Upon the announcement of the sixth series, it was confirmed that a new "loudmouth" family from Watford would be introduced: the Dyke family, consisting of patriarch Clive (Perry Benson), his "trophy-wife" Tonya (Hannah Waddingham), their "troublemaker" teenage son Tiger (Danny Walters) and daughter Bianca (Bel Powley). Benson stated that the Dykes would feud with the Garvey family, adding: "They're at war at different points and Madge pours the petrol on the fire." Original cast member Nicholas Burns reprised his role as Martin Weedon for a short stint after a five-year absence, in a storyline depicting him visiting Benidorm with his friends on a stag do.
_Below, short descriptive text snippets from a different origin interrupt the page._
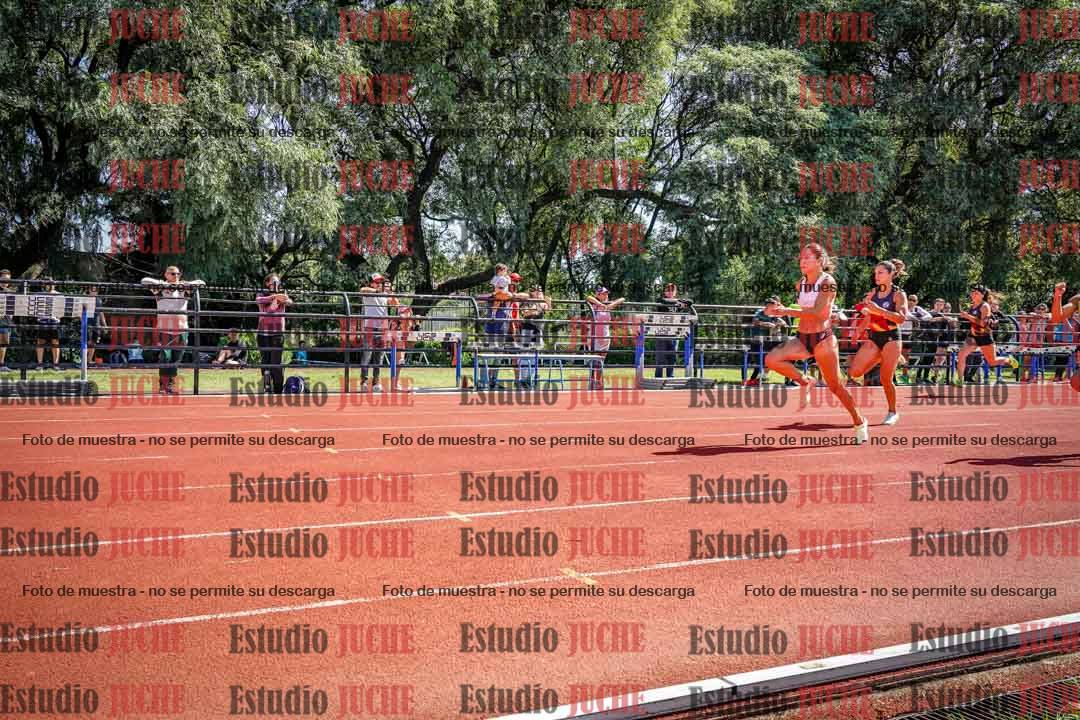 Fotos de los 100 m llanos de mujeres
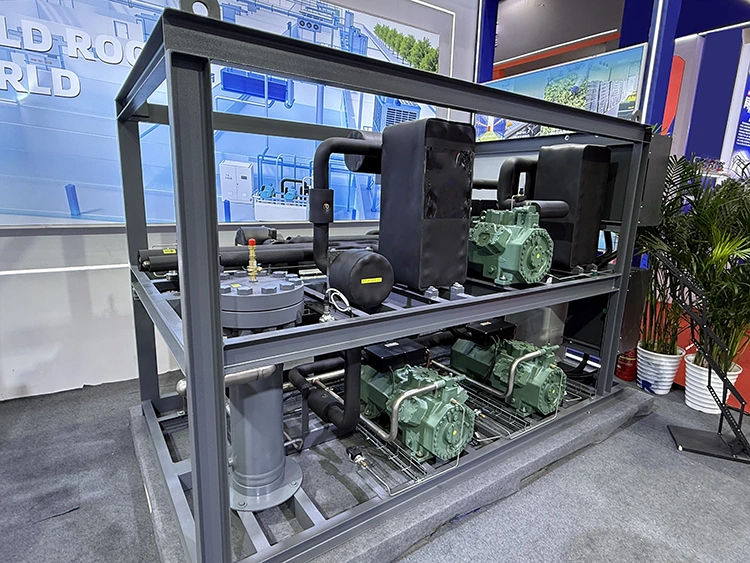 CO₂ Transcritical Refrigeration Compressor Unit
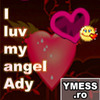 I luv my angel Ady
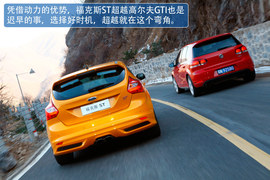 2013款福特福克斯ST试驾实拍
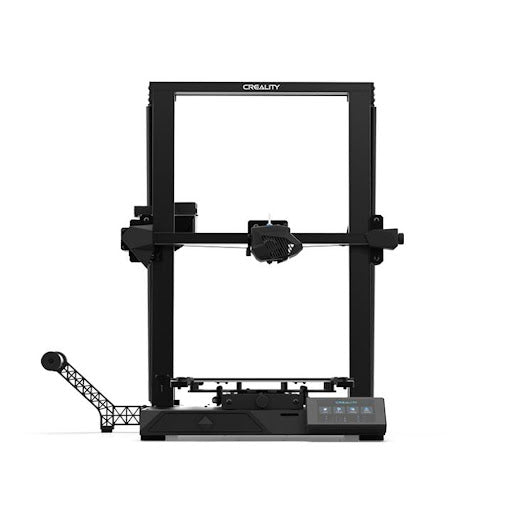 طابعة Creality CR-10 Smart Pro ثلاثية الأبعاد بتقنية FDM، حجم طباعة كبير، تسوية تلقائية للمنصة، بثق مباشر، اتصال Wi‑Fi وCreality Cloud، طباعة بدرجات حرارة مرتفعة، طابعة ثلاثية الأبعاد احترافية كبيرة الحجم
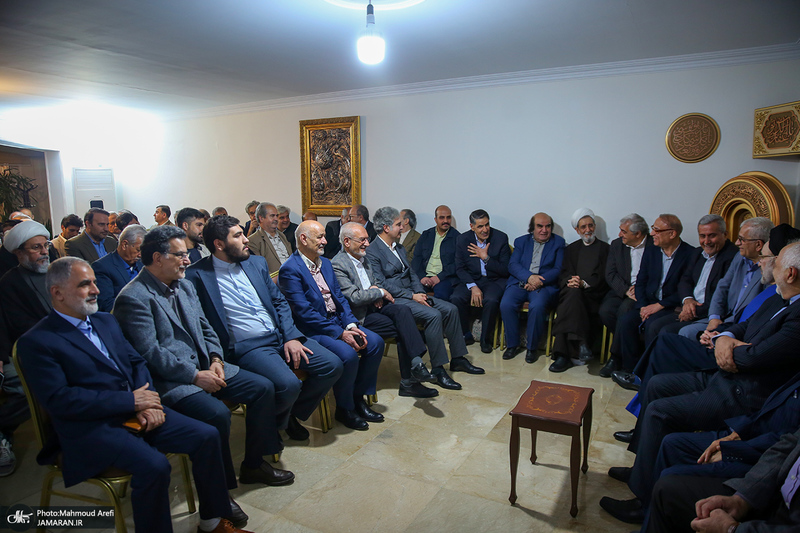 دید و بازدید نوروزی سید محمد خاتمی -1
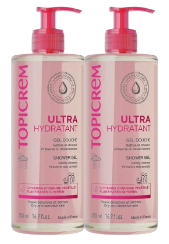 Gel de limpeza suave Ultra Hydratant Pack 2 x 500 ml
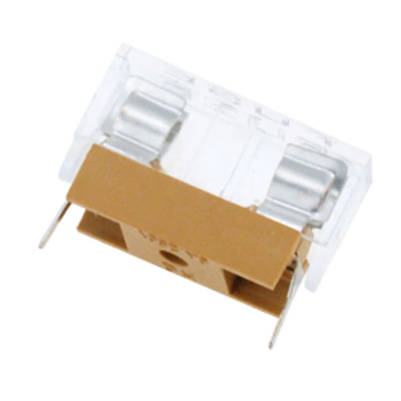 PORTA FUSIBLE PARA PCB EUROPEO 5X20MM 6A 250V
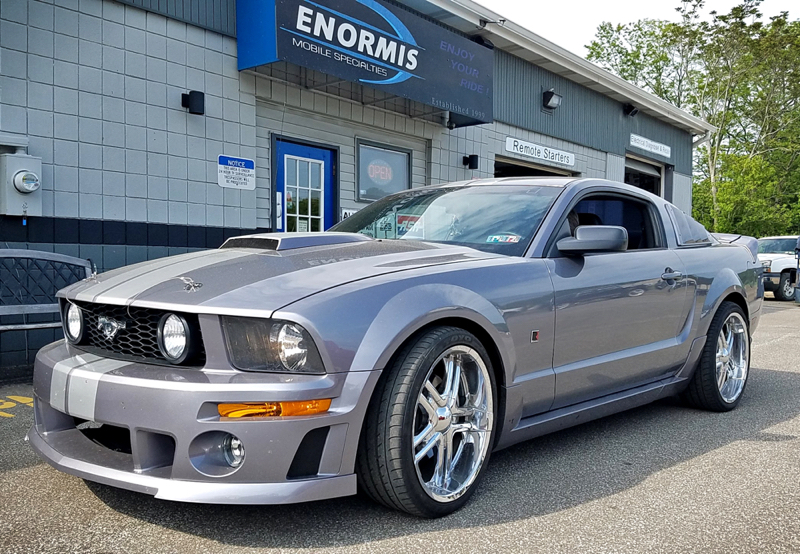 Mustang Gauge Cluster Repair gets this 2006 Roush Edition Rolling Again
Matthew Kelly also reprised his supporting role of Cyril Babcock from the fifth series. In May 2013, it was announced that Joan Collins would join the cast as Crystal Hennessy-Vass, the CEO of the Solana Hotel Group. Multiple guest appearances occurred throughout the series, including Rustie Lee as Queenie, a friend of Donald Jacqueline, whereas comedy duo The Krankies and television presenter Janet Street-Porter made cameo appearances.

==Home media==
The sixth series was released on a two-disc DVD set in the United Kingdom on 17 February 2014, which included a series of outtakes.

The sixth series first became available for streaming through Netflix in the United Kingdom on 1 October 2015.